成果概要

大規模自由度場のアクチュエータ位置最適化2. アクチュエータ位置最適化の数理問題の定式化

2022年度までの進捗状況

1.概要

気象場を効率的に変動させるようなアクチュエータ位置を求めるために、アクチュエータ位置最適化問題を定式化します。評価指標を明確にすることでアクチュエータ配置の良し悪しを定量的に評価できるようになり、それに基づいてアクチュエータ配置を最適に決定するアルゴリズムの開発が可能となります。定式化された数理問題が複雑すぎると、大規模自由度場である気象場に対するアクチュエータ配置問題に解を与えることが困難となるため、アルゴリズム開発のテーマと協調しながら、数値解法の開発が可能な程度に簡便な数理問題を定式化します。
アクチュエータ配置の数理問題を定式化するために、まず先行研究の多い線形モデルに対するセンサ配置の数理問題に着目します。線形モデルに対する既存のセンサ配置の数理問題の双対な数理問題を導出することで、アクチュエータ配置の数理問題を構成します(図1)。双対性を利用することで、センサ配置のアルゴリズムを少し修正するだけでアクチュエータ配置のアルゴリズムに転用することができ、開発コストを低減することができます。ただし、双対性を利用して得られるアクチュエータ配置問題がどのような物理的・工学的な意味を持つのか明らかではないため、この問題を解釈する必要があります。こうした双対性を利用したアクチュエータ配置問題の定式化で得られた知見を活かし、気象場への適用で重要となる非線形モデルに対するアクチュエータ配置問題の定式化に繋げることを目指します。

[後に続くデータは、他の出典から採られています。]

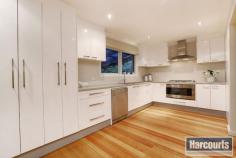  21 Hartington Dr Wantirna VIC 3152 Property Information Auction Date:Sunday 12 Oct 1:00 PM (On site)Open Home Dates:Saturday 20 Sep 11:00 AM - 11:30 AMSunday 21 Sep 11:00 AM - 11:30 AMBe swept away by contemporary design as you move through the glamorous ambience of this stylish showpiece. Professionally rendered in 'Dune', with hotel style polished porcelain bathrooms and a tropical style Merbau entertainment deck, this chic 4-bedroom home renovated with absolute attention to detail sets you up in an enviable position, just up the road from Templeton Primary. Walk up the new driveway, onto the large format tiled porch and through to magnificent hardwood floors, and you'll be enveloped by warm, inviting family living which flows around a grand galley kitchen, decked out for the resident Masterchef with a 90cm s/s oven, 5-burner cooktop, dishwasher and Blanco rangehood. Those 3 beautiful living spaces (lounge, family and meals areas) work seamlessly to provide a social and family friendly setting, which opens dramatically to a spectacular al fresco deck, perfect for entertaining. At the head of the home, the master bedroom is enhanced by a stunning striped porcelain tiled ensuite and fitted walk in robe, with a wall hung vanity, hob set bath and shower in the main bathroom, and fitted cupboards in the laundry. The inclusion of gas ducted heating, evaporative cooling, a 4-car garage for potential gym/training/home office, private fencing, solar panels and sophisticated feature walls offer a spectacular backdrop to family life in one of the most sought after areas in Wantirna, granting you VIP access to prestigious schools, Knox Shopping Centre and Eastlink. Land Size 	 800 sqm Property condition 	 Renovated Property Type 	 House House style 	 Contemporary Garaging / carparking 	 Double lock-up Construction 	 Brick veneer Roof 	 Concrete tile and Tile Flooring 	 Timber Heating / Cooling 	 Solar, Ducted, Other (Evaportaive Cooling) Property features 	 Smoke alarms Kitchen 	 Modern, Open plan, Dishwasher, Rangehood, Double sink, Pantry and Finished in Granite and Stainless steel Living area 	 Open plan Main bedroom 	 Double, Walk-in-robe and Heating / air conditioning Ensuite 	 Separate shower Bedroom 2 	 Double, Built-in / wardrobe and Heating / air conditioning Bedroom 3 	 Double, Built-in / wardrobe and Heating / air conditioning Bedroom 4 	 Double and Heating / air conditioning Additional rooms 	 Family Main bathroom 	 Bath, Separate shower, Heater Family Room 	 Heating / air conditioning Laundry 	 Separate Views 	 Private Outdoor living 	 Entertainment area (Covered), Deck / patio Fencing 	 Fully fenced Land contour 	 Flat Water heating 	 Gas Water supply 	 Town supply Sewerage 	 Mains Locality 	 Close to transport, Close to schools, Close to shops 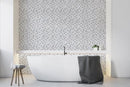 Moderne Carrera lifestyle image showing the mosaic being used as a statement wall behind a bath in the bathroom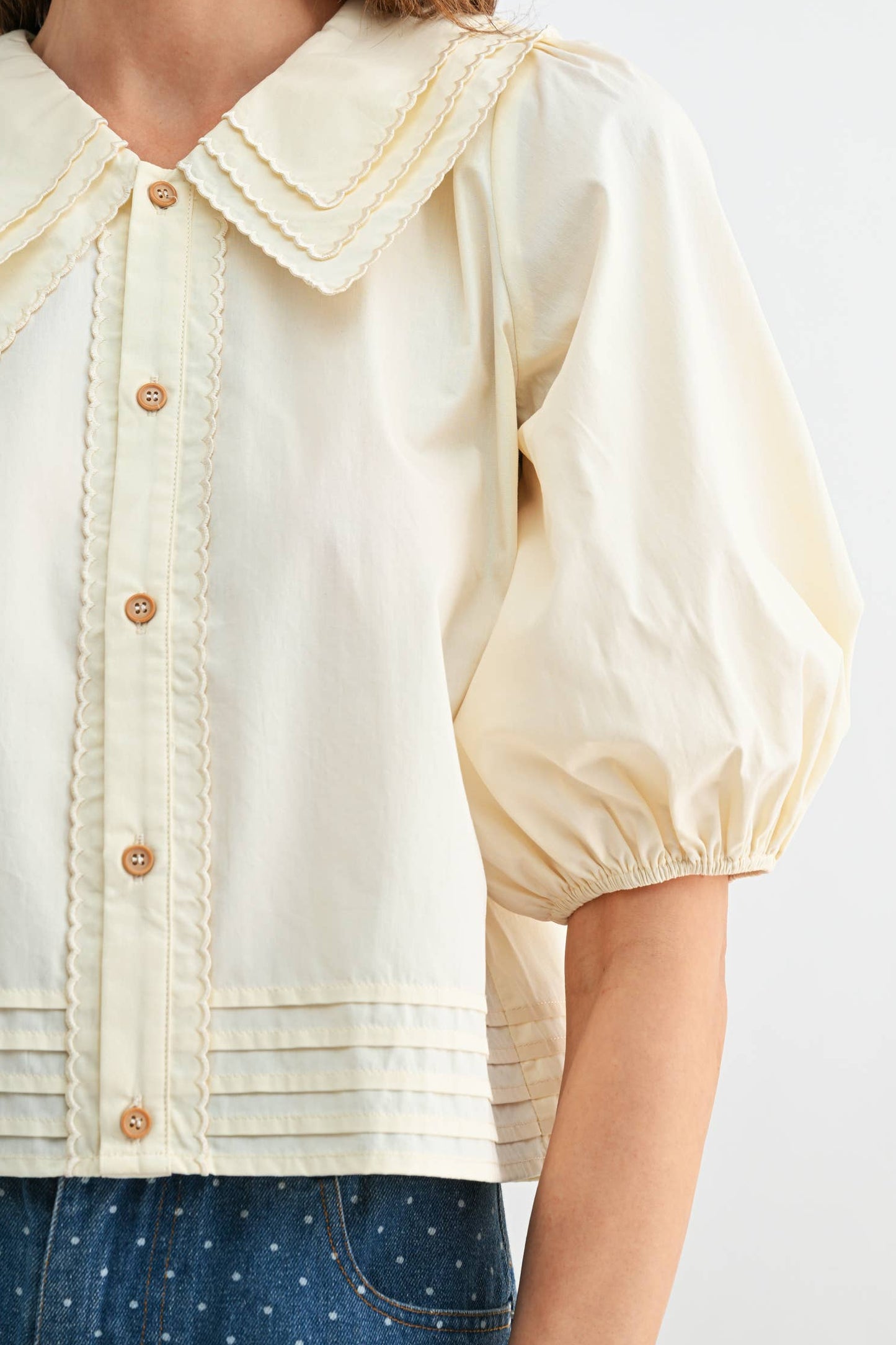 Woman wearing a cream-colored blouse with lace collar and buttons on a white background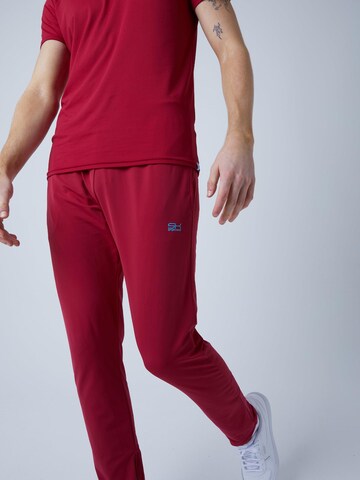 SPORTKIND Slimfit Sporthose 'Trainingshose schmal'‌‌‌‌‌‌‌‌ in Rot: Vorderseite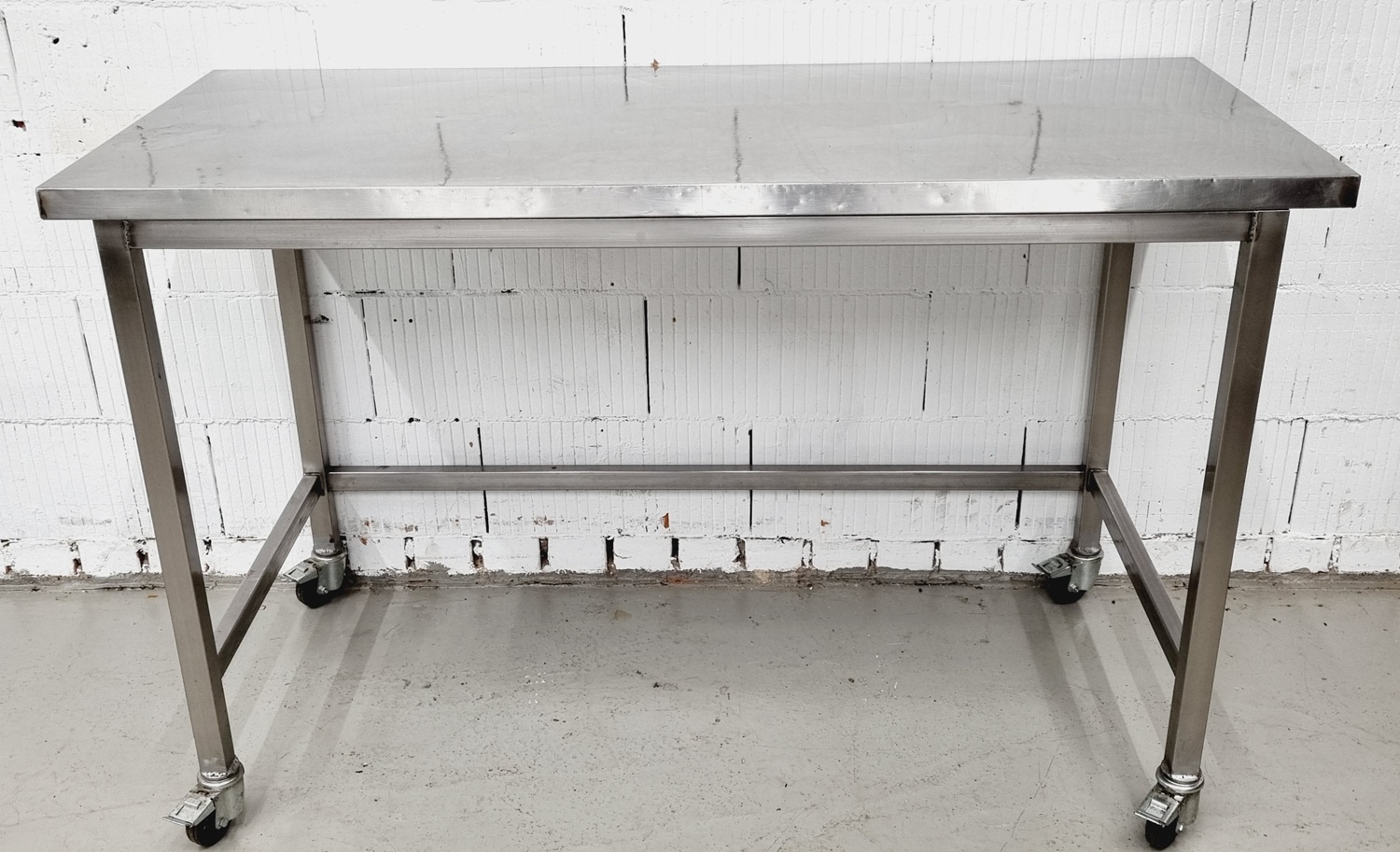 Arbeitstisch AT 1600 mit Edelstahlplatte fahrbar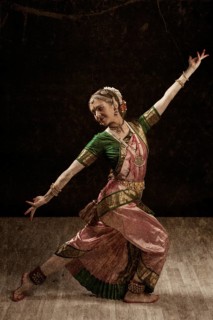 Vintage retro style image of young beautiful woman dancer exponent of Indian classical dance Bharatanatyam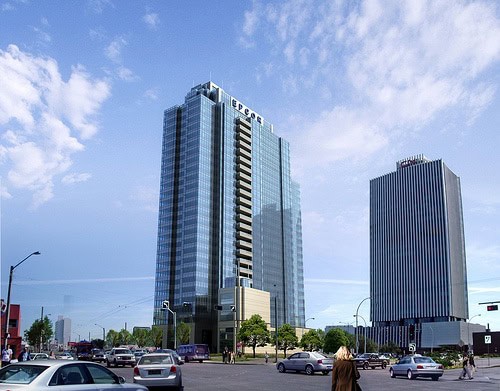 Modern glass skyscraper in downtown Edmonton, Epcor Tower, with reflective windows and surrounding cityscape.
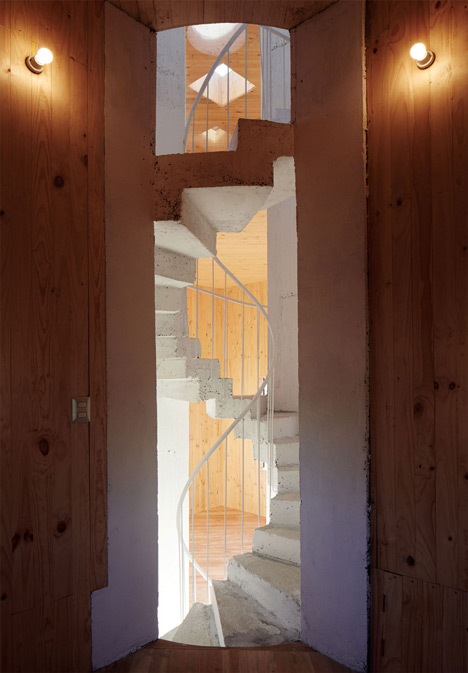 Concrete staircase spirals up through Pezo von Ellrichshausens Casa Gago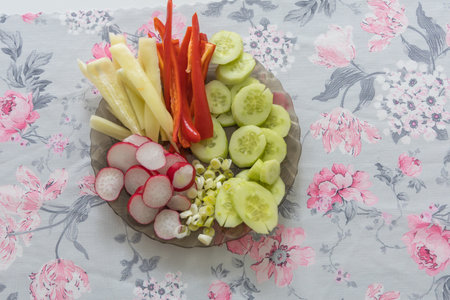 Healthy raw vegetables on a plate. Bell pepper, radish, cucumber, onionの写真素材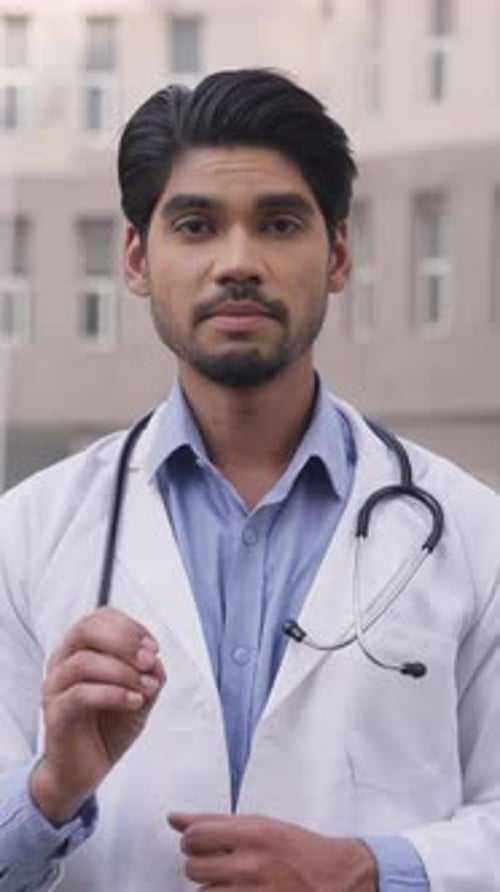 Young Doctor Explaining a Medical Issue Outside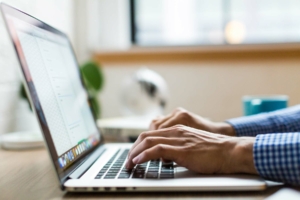 Man typing on computer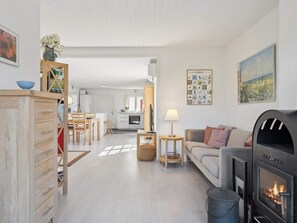 A modern living room with a fireplace, a dining area, and a kitchen in the background. - 5 Star Holiday Home in Vejby (Vejby)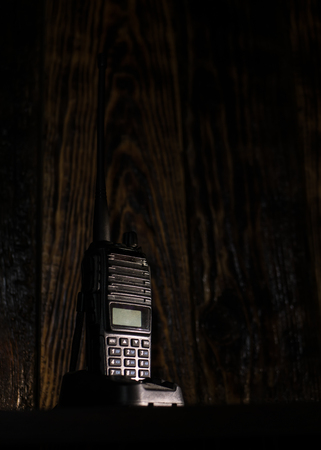 hand-held transceiver on the tableの写真素材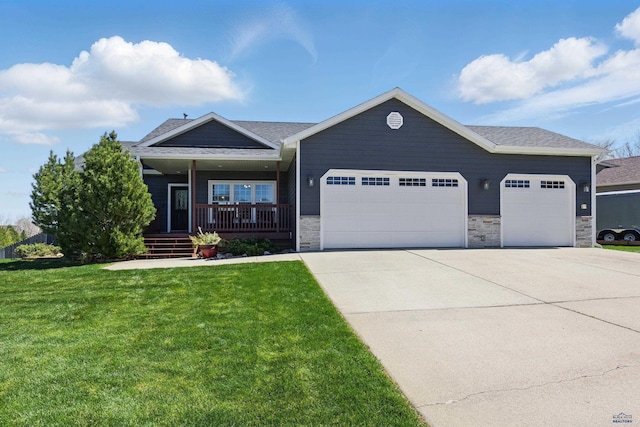 view of front of property featuring covered porch, an attached garage, concrete driveway, and a front lawn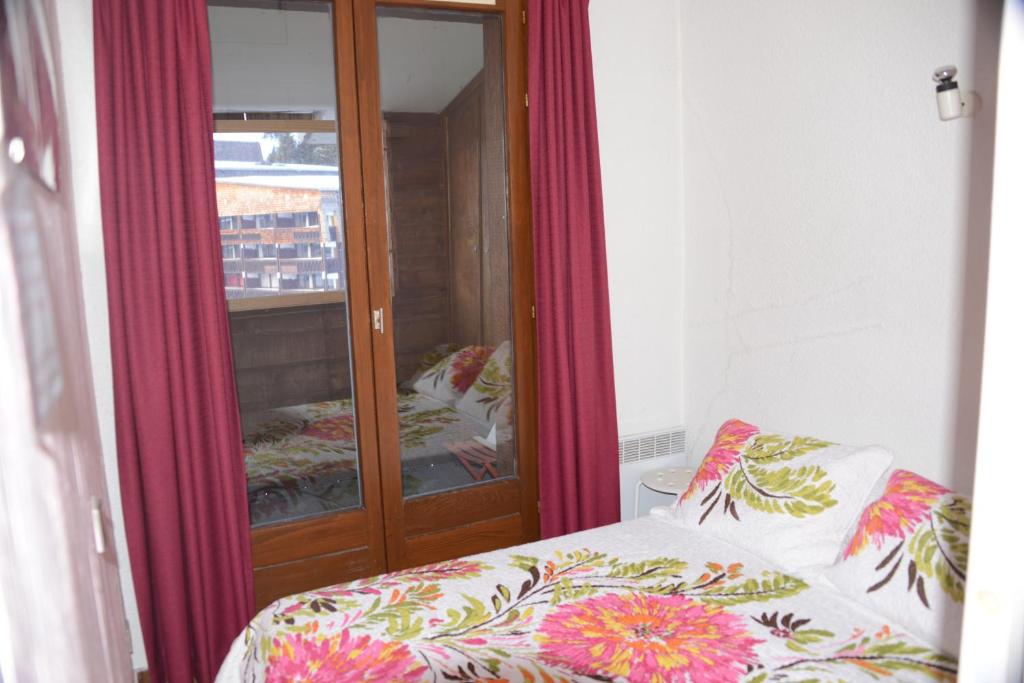 - une chambre avec une armoire en verre à côté d'un lit dans l'établissement Les Pralyssimes - 35 M², à Taninges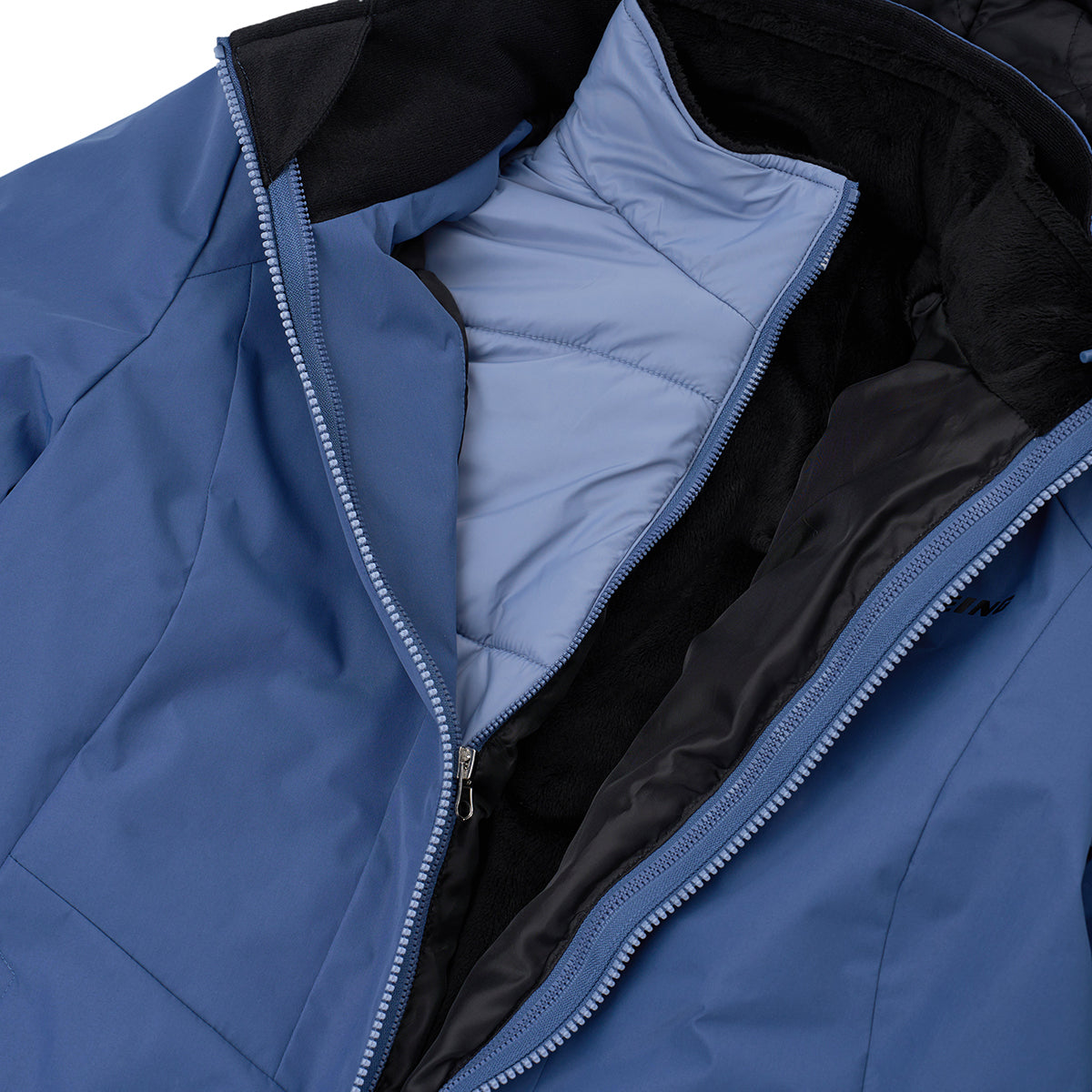A close-up of the Boeing Women's 3-in-1 Systems Jacket by BOEING, a blue quilted puffer with an unzipped front revealing black and light blue lining. Wind resistant, it features a high collar and insulated interior for warmth.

図 1: 双対性を利用したアクチュエータ配置問題の定式化
図 1: 双対性を利用したアクチュエータ配置問題の定式化

2.2022年度までの成果

双対性を利用して、線形モデルに対するアクチュエータ配置問題を定式化しました。線形動的モデルに対する最適な状態推定のためのセンサ配置問題の双対問題を考えると、線形動的モデルに対する最適制御のためのアクチュエータ配置問題が得られます(図2)。両者の配置問題で現れる行列QとRは、センサ配置問題ではノイズの共分散行列を意味するのに対し、双対なアクチュエータ配置問題では制御評価指標における重み行列(設計者が制御において、どの状態・入力に重きを置くか定めるための行列)を意味します。気象場の制御では同じ性質を持つアクチュエータを配置することが想定されるため、入力の重みを定める行列Rは単位行列と設定することが自然です。単位行列と設定するとアクチュエータ配置を実行するときに、行列の正規化に要する計算時間を削減することができます。このアクチュエータ配置問題は、別テーマで開発したセンサ配置のアルゴリズムを修正することで近似的に解くことができます。

図 2: 線形動的モデルに対する双対な配置問題
図 2: 線形動的モデルに対する双対な配置問題

3.今後の展開

非線形システムのためのアクチュエータ配置問題の定式化を開始します。このために、気象分野でよく扱われる特異ベクトル法に着目しています。特異ベクトル法では初期状態の変動に対する終端状態の変動の最大化を目指した数理問題が扱われます。これを拡張し、アクチュエータへの入力に対する状態の時系列の変動の最大化を目指した数理問題の定式化を行います(図3)。これにより、気象場に対してより妥当なアクチュエータ配置の評価が可能となります。